• Exercise details: Please set down only the lines that run from the one containing "Cute katten met" to the end of the listing below, exactly as written.

• Data shown:
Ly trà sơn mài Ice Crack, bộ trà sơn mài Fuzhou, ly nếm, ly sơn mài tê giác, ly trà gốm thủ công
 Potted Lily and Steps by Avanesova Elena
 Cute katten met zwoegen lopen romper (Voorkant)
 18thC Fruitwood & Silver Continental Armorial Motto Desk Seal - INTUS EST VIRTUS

• Solution to this problem:
 Cute katten met zwoegen lopen romper (Voorkant)
 18thC Fruitwood & Silver Continental Armorial Motto Desk Seal - INTUS EST VIRTUS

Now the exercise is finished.